Review aktueller Methoden in der 3D Lungenbildgebung
15.07.2026
Die Lunge verfügt über einen sehr heterogenen Aufbau. Daher ist es von hoher Bedeutung, pathologische Veränderungen nicht nur festzustellen, sondern auch zu verorten. In einer Übersichtsarbeit, erschienen in Frontiers in Physiology, werden verschiedene aktuelle Ansätze der Lungenbildgebung unter diesem Aspekt einander gegenübergestellt.
Die umfangreichsten Fähigkeiten verspricht eine Kombination aus µCT und Lichtmikroskopie, ggf. unter der Verwendung immunhistochemischer Marker. Einen Mehrwert versprechen die untersuchten Methoden bei der Formulierung gezielter Behandlungsstrategien und der Übertragung von Ergebnissen aus der Grundlagenforschung auf den Menschen.

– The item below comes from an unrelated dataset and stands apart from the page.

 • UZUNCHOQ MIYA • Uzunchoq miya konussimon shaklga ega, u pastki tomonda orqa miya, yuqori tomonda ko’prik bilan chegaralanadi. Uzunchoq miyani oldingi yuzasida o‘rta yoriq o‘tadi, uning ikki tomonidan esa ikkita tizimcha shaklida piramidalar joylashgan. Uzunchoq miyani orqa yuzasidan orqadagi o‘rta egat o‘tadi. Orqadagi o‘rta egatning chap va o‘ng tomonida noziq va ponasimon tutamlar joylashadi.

Hier gehts zur Publikation: Frontiers | Methods to localize cell specific alterations within the 3D context of the lung
Kongress des Deutschen Zentrums für Lungenforschung (DZL) in Wiesbaden
09.-11. Juni 2026
Auch in diesem Jahr waren wir vom Institut für Funktionelle und Angewandte Anatomie wieder zahlreich auf dem Kongress des Deutschen Zentrums für Lungenforschung (DZL) vertreten. Die Jahrestagung fand dieses Jahr vom 09. - 11. Juni 2026 in Wiesbaden statt. Dr. Jonas Labode hielt einen spannenden Teaservortrag zu seinem Projekt: "Combination of µCT and immunofluorescence for the location-specific assessment of cellular characteristics" und konnte auch im DZL Academy-Quiz glänzen und den 2. Platz mit seinem Team erreichen. Herzlichen Glückwunsch! Außerdem war unser Institut auch mit einigen Posterbeiträgen gut repräsentiert. Es war wieder schön Kolleg*innen und Freund*innen von anderen Standorten wiederzusehen und gemeinsame Ideen auszutauschen und zu diskutieren. Wir freuen uns schon auf die nächste Jahrestagung in 2027!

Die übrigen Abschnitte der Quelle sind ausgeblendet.